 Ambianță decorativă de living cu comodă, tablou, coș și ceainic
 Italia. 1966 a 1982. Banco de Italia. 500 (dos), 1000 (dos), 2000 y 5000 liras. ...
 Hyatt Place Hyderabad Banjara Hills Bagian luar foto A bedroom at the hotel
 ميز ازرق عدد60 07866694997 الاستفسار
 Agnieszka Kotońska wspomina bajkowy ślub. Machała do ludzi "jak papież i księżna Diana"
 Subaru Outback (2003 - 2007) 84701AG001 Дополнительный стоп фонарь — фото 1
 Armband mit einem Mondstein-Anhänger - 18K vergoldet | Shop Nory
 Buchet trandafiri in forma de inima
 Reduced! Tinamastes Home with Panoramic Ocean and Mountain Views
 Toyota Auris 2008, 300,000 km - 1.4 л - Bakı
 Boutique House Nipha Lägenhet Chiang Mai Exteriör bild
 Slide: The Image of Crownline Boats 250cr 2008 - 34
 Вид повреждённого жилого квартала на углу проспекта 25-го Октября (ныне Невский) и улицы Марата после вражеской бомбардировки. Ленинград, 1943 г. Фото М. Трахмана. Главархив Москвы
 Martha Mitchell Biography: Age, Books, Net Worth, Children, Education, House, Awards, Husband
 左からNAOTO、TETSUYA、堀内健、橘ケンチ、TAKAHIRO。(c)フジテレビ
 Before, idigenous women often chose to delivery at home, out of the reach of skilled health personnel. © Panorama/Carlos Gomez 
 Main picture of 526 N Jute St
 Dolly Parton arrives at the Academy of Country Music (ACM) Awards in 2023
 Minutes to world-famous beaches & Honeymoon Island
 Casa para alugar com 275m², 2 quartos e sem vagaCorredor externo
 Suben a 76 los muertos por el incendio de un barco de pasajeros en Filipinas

_WHAT IS BEING ASKED_.
Which lines run from the one containing "Toyota Auris 2008, 300,000 km - 1.4 л - Bakı" to the end of the data? Output them exactly, with nothing added.

_EXERCISE SOLUTION_.
 Toyota Auris 2008, 300,000 km - 1.4 л - Bakı
 Boutique House Nipha Lägenhet Chiang Mai Exteriör bild
 Slide: The Image of Crownline Boats 250cr 2008 - 34
 Вид повреждённого жилого квартала на углу проспекта 25-го Октября (ныне Невский) и улицы Марата после вражеской бомбардировки. Ленинград, 1943 г. Фото М. Трахмана. Главархив Москвы
 Martha Mitchell Biography: Age, Books, Net Worth, Children, Education, House, Awards, Husband
 左からNAOTO、TETSUYA、堀内健、橘ケンチ、TAKAHIRO。(c)フジテレビ
 Before, idigenous women often chose to delivery at home, out of the reach of skilled health personnel. © Panorama/Carlos Gomez 
 Main picture of 526 N Jute St
 Dolly Parton arrives at the Academy of Country Music (ACM) Awards in 2023
 Minutes to world-famous beaches & Honeymoon Island
 Casa para alugar com 275m², 2 quartos e sem vagaCorredor externo
 Suben a 76 los muertos por el incendio de un barco de pasajeros en Filipinas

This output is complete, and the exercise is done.